Cada vez que ligo para um organismo ou entidade a questionar qualquer situação e me respondeu: “é o sistema”, fico com os nervos em pé. O sistema, essa mítica figura sem corpo nem alma controla implacavelmente tudo e todos que perderam o nome para serem identificados por siglas e números. Há quem conserve o nome e aí o sistema numa vénia só possível com muitas horas de ginásio perde a autonomia. O sistema comanda o país há uns largos anos, bem antes da assustadora (pelo menos para mim que já deixei de acreditar na bondade de inventos contra-natura) Sofia saber mudar os canais de televisão dos Cristianos (pai e filho).
O sistema era para ser tema do editorial pela sua transversalidade, mas outro “valor mais alto se alevanta”. Chama-se LIBERDADE.
Sim liberdade. A maior conquista, a única que permite que mesmo que os processos prescrevam em tribunal é possível falar deles. Ser livre, no sentido mais lato, é a único sentimento que conduz à felicidade.
Abril trouxe a liberdade a um povo que no Cais da Rocha do Conde de Óbidos acenava os lenços brancos a um navio que sem olhar para trás deslizava lentamente nas águas do Tejo carregado de mancebos para um destino incerto, para uma guerra perdida desde o início.

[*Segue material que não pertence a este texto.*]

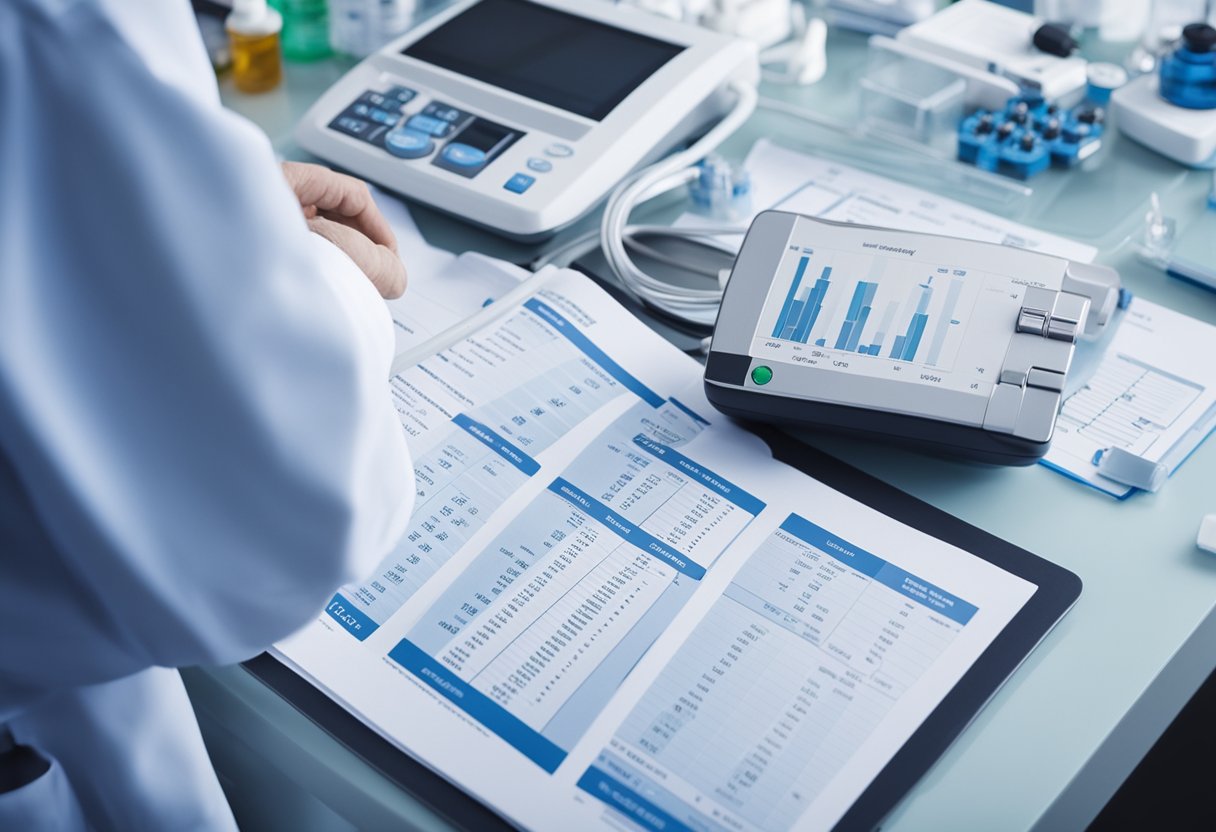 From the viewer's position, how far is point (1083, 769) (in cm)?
56

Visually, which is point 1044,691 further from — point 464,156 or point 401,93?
point 401,93

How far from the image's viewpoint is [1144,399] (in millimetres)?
749

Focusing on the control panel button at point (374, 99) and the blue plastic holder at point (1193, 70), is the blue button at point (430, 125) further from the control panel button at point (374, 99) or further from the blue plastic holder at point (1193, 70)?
the blue plastic holder at point (1193, 70)

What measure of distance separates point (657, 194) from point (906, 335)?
29cm

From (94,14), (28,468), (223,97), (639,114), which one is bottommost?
(223,97)

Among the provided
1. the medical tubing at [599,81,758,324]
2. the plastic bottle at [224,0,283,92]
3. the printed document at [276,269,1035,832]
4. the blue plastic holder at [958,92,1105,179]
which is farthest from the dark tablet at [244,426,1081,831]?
the plastic bottle at [224,0,283,92]

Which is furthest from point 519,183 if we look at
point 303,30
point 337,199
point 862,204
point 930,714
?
point 930,714

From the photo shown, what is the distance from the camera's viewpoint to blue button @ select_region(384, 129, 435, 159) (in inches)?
35.3

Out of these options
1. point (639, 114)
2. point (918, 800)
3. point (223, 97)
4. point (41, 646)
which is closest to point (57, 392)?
point (41, 646)

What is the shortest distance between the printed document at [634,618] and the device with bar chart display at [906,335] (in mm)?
49

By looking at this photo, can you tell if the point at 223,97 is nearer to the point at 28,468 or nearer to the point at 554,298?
the point at 554,298

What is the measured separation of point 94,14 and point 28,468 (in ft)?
0.51

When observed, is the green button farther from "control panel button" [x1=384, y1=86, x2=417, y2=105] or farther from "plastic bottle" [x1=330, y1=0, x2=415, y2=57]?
"plastic bottle" [x1=330, y1=0, x2=415, y2=57]

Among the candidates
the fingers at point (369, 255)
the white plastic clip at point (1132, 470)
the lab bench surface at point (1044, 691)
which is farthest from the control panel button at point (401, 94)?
the white plastic clip at point (1132, 470) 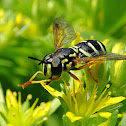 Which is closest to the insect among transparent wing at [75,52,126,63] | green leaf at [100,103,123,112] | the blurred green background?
transparent wing at [75,52,126,63]

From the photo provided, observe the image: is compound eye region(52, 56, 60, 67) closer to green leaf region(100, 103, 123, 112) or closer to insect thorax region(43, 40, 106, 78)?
insect thorax region(43, 40, 106, 78)

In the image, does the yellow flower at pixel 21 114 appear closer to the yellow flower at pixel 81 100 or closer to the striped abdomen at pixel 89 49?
the yellow flower at pixel 81 100

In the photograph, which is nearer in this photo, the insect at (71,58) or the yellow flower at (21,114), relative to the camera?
the insect at (71,58)

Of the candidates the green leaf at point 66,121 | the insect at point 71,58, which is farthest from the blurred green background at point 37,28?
the green leaf at point 66,121

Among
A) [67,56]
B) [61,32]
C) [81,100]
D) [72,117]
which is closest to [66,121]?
[72,117]

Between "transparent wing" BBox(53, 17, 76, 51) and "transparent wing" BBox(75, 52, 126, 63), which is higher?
"transparent wing" BBox(53, 17, 76, 51)

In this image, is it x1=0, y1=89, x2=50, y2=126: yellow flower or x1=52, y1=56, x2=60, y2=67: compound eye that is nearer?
x1=52, y1=56, x2=60, y2=67: compound eye

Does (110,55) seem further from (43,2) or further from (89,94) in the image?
(43,2)

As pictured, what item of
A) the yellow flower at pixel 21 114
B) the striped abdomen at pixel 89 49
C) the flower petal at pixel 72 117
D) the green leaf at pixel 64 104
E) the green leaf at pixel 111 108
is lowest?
the yellow flower at pixel 21 114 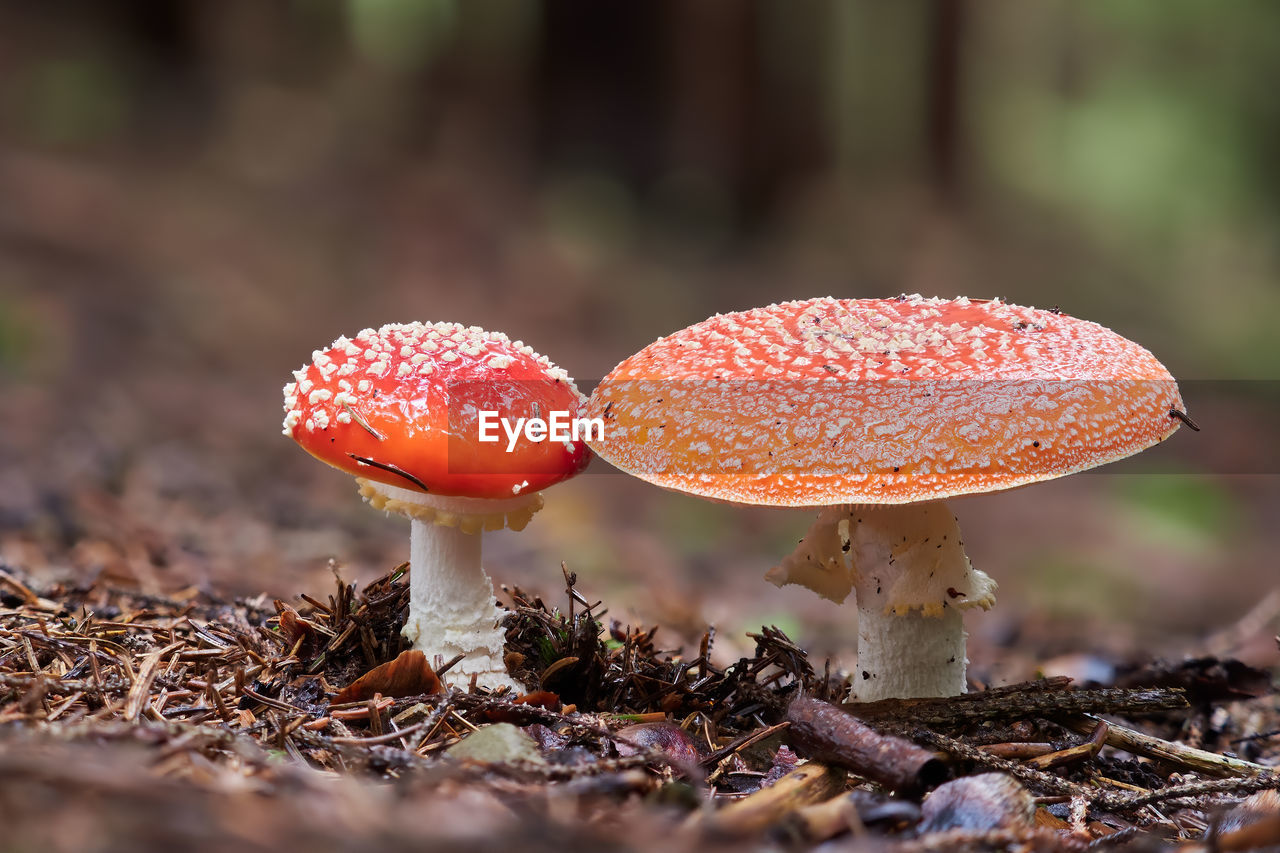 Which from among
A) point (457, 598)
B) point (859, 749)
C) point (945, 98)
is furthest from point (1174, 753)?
point (945, 98)

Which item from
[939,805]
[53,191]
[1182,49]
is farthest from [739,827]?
[1182,49]

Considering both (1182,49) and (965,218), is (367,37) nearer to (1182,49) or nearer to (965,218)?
(965,218)

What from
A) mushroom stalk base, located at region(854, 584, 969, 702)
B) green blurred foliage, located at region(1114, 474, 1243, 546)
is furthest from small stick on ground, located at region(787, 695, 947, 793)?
green blurred foliage, located at region(1114, 474, 1243, 546)

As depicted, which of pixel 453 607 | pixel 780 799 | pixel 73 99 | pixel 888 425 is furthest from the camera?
pixel 73 99

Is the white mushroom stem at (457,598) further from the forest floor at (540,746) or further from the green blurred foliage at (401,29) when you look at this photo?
the green blurred foliage at (401,29)

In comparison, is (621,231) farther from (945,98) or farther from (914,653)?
(914,653)

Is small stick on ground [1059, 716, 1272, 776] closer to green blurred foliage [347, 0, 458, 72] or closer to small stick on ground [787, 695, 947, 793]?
small stick on ground [787, 695, 947, 793]

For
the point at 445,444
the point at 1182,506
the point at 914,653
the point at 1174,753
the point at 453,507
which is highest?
the point at 445,444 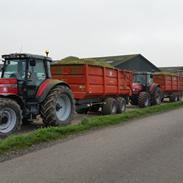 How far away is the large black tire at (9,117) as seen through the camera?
10078mm

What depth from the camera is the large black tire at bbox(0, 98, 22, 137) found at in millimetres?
10078

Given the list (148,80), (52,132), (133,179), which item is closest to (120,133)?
(52,132)

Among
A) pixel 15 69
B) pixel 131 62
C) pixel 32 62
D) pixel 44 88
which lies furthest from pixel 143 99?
pixel 131 62

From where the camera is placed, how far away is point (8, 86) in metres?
11.0

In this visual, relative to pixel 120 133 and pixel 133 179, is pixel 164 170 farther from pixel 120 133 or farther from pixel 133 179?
pixel 120 133

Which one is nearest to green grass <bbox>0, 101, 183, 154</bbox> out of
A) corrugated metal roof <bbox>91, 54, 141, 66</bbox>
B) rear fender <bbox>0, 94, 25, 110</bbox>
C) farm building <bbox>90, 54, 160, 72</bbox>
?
rear fender <bbox>0, 94, 25, 110</bbox>

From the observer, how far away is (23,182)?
5.81 metres

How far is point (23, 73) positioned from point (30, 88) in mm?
502

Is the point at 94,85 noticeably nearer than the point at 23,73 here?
No

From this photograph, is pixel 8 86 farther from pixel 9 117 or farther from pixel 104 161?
pixel 104 161

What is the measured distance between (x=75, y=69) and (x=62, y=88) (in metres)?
2.56

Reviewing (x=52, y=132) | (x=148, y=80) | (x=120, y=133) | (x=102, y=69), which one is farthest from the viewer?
(x=148, y=80)

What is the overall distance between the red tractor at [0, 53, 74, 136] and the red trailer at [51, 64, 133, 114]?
2.40m

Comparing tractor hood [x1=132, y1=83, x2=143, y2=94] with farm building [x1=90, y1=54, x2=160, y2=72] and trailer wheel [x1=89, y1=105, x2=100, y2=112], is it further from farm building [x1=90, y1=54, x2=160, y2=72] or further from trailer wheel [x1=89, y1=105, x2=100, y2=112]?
farm building [x1=90, y1=54, x2=160, y2=72] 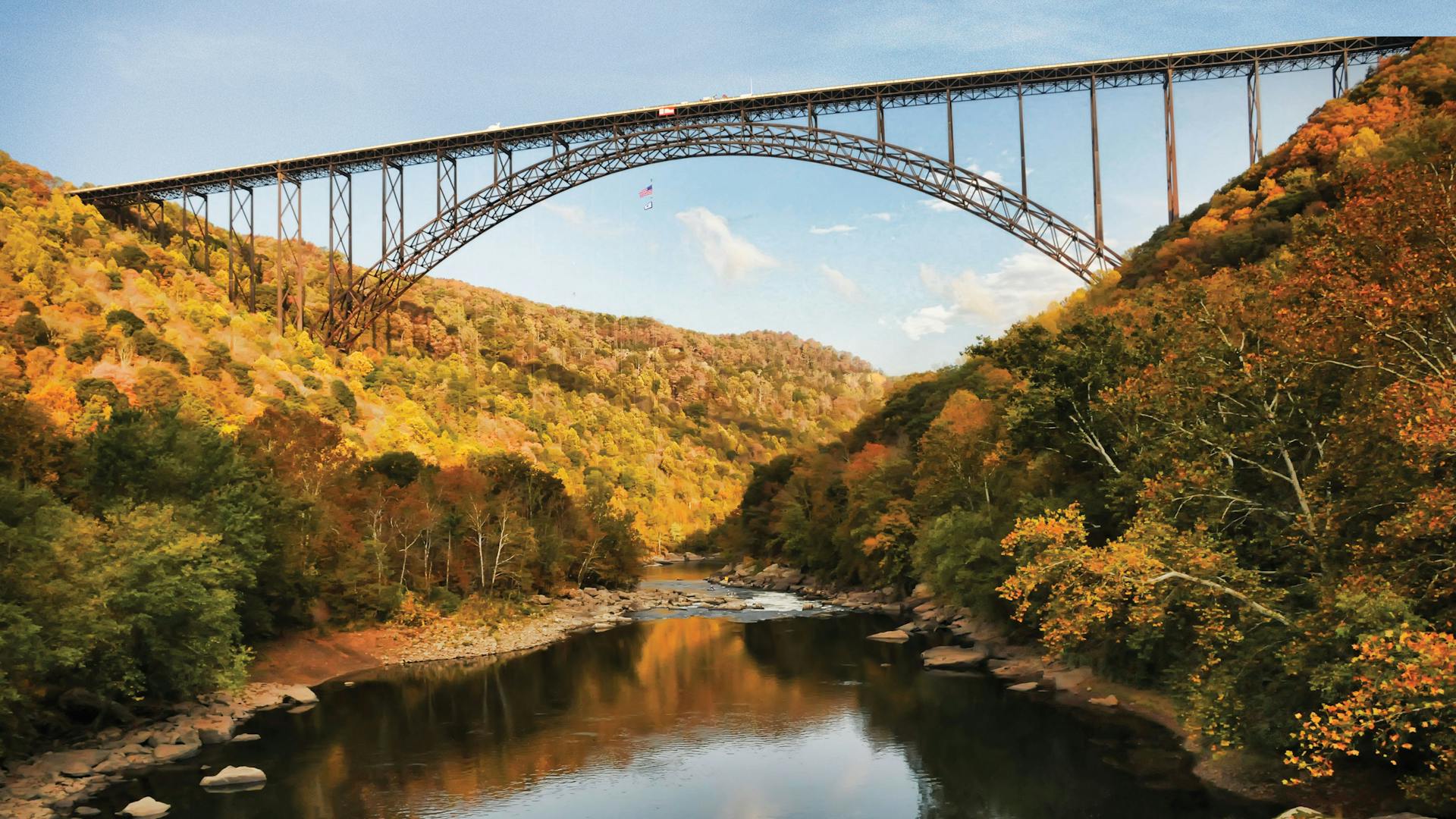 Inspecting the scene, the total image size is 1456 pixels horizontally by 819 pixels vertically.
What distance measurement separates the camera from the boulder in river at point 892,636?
41.8m

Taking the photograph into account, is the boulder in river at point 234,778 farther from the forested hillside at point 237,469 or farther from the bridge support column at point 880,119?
the bridge support column at point 880,119

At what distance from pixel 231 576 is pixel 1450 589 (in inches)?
1110

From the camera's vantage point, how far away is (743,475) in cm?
14000

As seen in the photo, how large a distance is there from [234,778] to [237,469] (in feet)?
44.6

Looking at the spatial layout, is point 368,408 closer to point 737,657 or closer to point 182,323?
point 182,323

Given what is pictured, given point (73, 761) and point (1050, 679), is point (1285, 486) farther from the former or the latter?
point (73, 761)

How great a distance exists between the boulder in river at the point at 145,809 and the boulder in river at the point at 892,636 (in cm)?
2805

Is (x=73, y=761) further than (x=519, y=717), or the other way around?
(x=519, y=717)

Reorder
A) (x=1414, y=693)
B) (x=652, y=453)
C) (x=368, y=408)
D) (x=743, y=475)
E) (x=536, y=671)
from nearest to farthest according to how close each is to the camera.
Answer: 1. (x=1414, y=693)
2. (x=536, y=671)
3. (x=368, y=408)
4. (x=652, y=453)
5. (x=743, y=475)

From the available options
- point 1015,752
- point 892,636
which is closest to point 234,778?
point 1015,752

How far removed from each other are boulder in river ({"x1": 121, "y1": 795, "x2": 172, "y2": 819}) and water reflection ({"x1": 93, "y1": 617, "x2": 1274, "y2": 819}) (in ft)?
1.14

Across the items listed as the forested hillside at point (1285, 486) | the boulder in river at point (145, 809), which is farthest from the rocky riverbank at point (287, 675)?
the forested hillside at point (1285, 486)

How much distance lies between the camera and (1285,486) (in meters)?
20.8

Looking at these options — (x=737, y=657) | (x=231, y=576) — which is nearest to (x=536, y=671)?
(x=737, y=657) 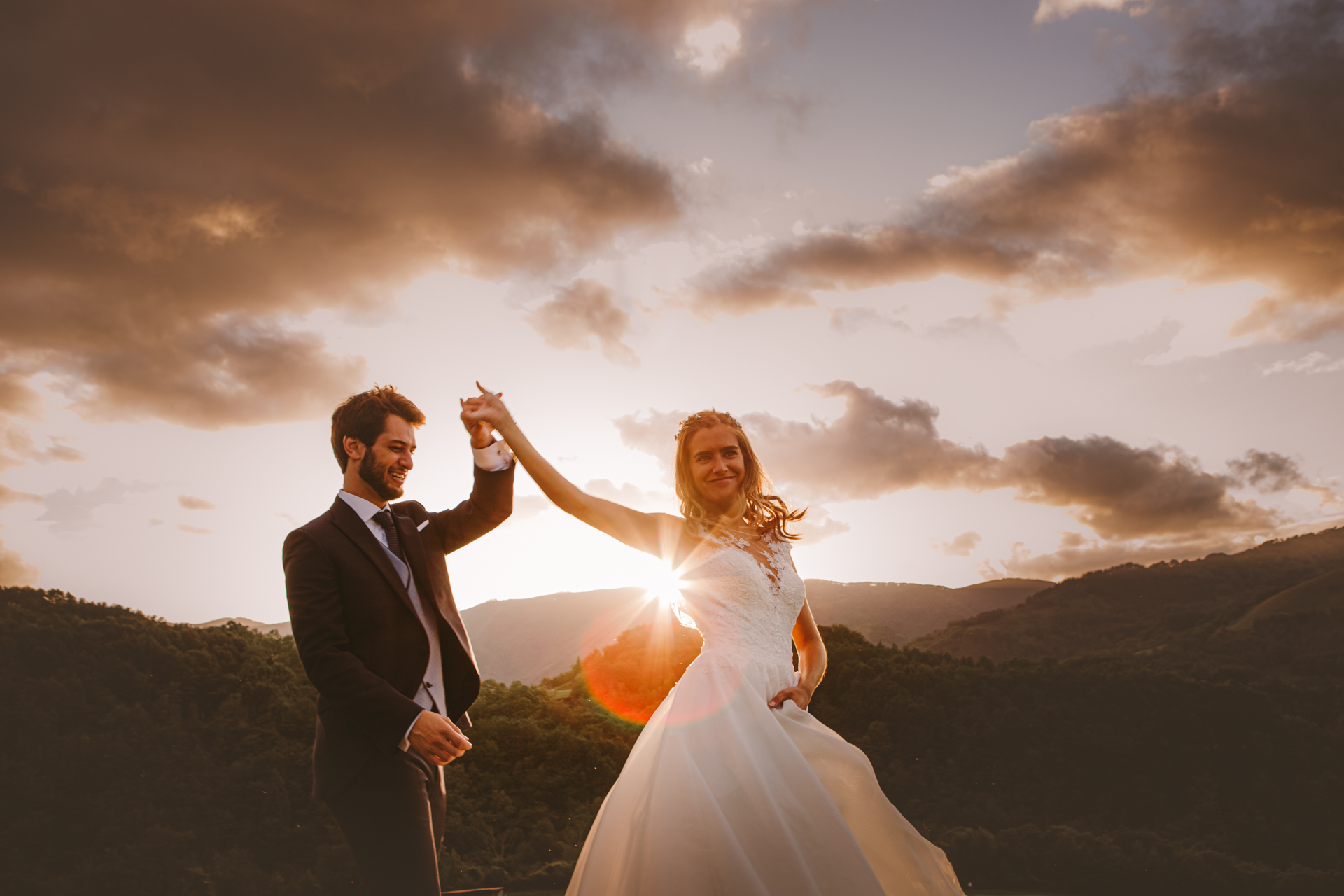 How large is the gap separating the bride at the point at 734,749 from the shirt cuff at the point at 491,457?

A chegada era mais alegre, mas quantos dos que esperavam já não podiam abraçar os seus. “O soldadinho não volta do outro lado do mar (…) o soldadinho já volta, vem numa caixa de pinho”.
Abril 2018! Quarenta e quatro anos depois. Estava sol. Ouvi “Grândola, Vila Morena”, o Hino do MFA (Ocean Wave) cumprindo uma tradição familiar que os meus filhos nascidos mais de um década depois 1974 perpetuam. Vale o que vale. Vale a memória de ter saído à rua, na Honda amarela e anotar num caderno, que ainda conservo, as frases escritas nas paredes. Vale a alegria de sentir um povo a cantar, de participar em manifestações, de gritar palavras de ordem e de saber que o Zézito não me diria mais “tenho medo dos pretos, porque eles vão matar-me quando eu for grande”.
Porque defendo que somos, o que nos é inato e o que os anos vividos nos foram ensinando, conservo e preservo a memória, não numa viragem ao passado, mas porque é o que determina o meu (creio que o de todos) o futuro.
Abril é e será sempre Abril, a não ser que a memória o esqueça.